Blood and urinary levels of norepinephrine are often near normal in the unstimulated state in patients with MSA, but they do not rise appropriately on assumption of the upright posture (Ziegler et al., 1977). Peripheral norepinephrine levels tend to be higher in MSA than in PAF. Catecholamine metabolites reflect the central nature of the neurological defect (Polinsky et al., 1981; Kopin et al., 1983; Polinsky et al., 1984; Polinsky et al., 1987). It is noteworthy that there is also biochemical evidence of central abnormalities in the dopamine, acetylcholine and serotonin systems (Polinsky et al., 1988; Polinsky et al., 1989).
Diagnosis of MSA can be challenging because there is no test that can make or confirm the diagnosis in a living patient. Certain signs and symptoms of MSA also occur with other disorders, such as Parkinson’s disease, making the diagnosis more difficult.
If your doctor suspects multiple system atrophy, he or she will obtain a medical history and perform a physical examination. You may receive a referral to a neurologist or other specialist for specific evaluations that can help in making the diagnosis.
Tests that may be helpful in making a diagnosis include:
Tilt table test – In this procedure, your blood pressure is monitored while you are on a special table that will tilt you to an almost upright position. This allows the physician to record blood pressure irregularities, and information about whether they occur with a change in physical position.
A sweat test to evaluate perspiration
Tests to assess your bladder and bowel function
Electrocardiogram to track the electrical signals of your heart
Brain-imaging tests, particularly a magnetic resonance imaging (MRI) scan, to determine if another condition might be triggering symptoms
Pharmacological challenge tests (administering certain medications and observing the patient’s body’s reaction to them, in controlled clinical settings)

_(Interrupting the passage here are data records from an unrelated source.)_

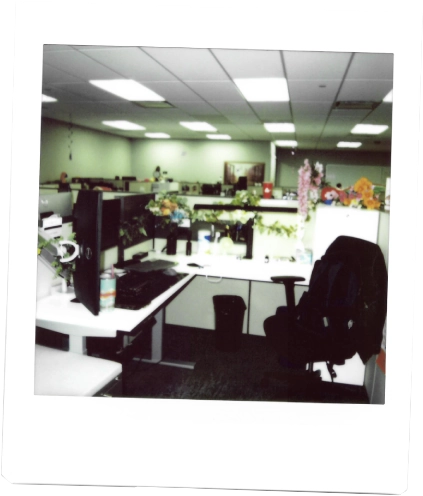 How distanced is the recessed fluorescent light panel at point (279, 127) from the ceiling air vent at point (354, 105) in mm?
1845

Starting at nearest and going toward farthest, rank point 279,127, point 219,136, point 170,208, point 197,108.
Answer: point 170,208 < point 197,108 < point 279,127 < point 219,136

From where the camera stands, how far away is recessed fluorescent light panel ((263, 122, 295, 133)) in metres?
7.23

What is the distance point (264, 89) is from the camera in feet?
14.9

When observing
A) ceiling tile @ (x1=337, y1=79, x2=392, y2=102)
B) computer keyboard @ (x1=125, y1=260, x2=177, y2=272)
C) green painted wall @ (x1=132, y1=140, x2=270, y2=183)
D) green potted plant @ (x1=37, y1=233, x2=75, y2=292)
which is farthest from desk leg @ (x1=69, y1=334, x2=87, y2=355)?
green painted wall @ (x1=132, y1=140, x2=270, y2=183)

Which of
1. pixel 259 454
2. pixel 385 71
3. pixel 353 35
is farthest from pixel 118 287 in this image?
pixel 385 71

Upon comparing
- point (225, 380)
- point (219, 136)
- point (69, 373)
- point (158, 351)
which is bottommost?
point (225, 380)

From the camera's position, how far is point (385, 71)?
11.7 feet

True diagnosis can only be accomplished by examination of the brain post-mortem.
For patients with sleep irregularities, particularly if they involve interrupted breathing or snoring, physicians may recommend an evaluation in a sleep laboratory to determine if there is an underlying and treatable sleep disorder, such as sleep apnea.
The prognosis is more guarded in the multiple system atrophy patient than in pure autonomic failure. It is rare for a patient to survive 10 years. The autonomic abnormalities are seldom the direct cause of death A significant number of patients develop laryngeal stridor and difficulty swallowing, which can lead to pneumonia. In addition, many patients with MSA experience Cheyne-Stokes or periodic respiration and in some cases this may lead to a critical loss of respiratory drive, so called Ondine’s curse (Craddock et al., 1987). Pulmonary hypertension may occur during apnea (Guilleminault et al., 1977). The most common causes of death in patients with MSA are pulmonary embolus, apnea, and intercurrent infection.
There is no known cure for multiple system atrophy, so management involves treating specific problems in this patient population. This includes treatment of the depression, tremor and gait disturbances, supine hypertension, orthostatic hypotension, and possible self-catheterization.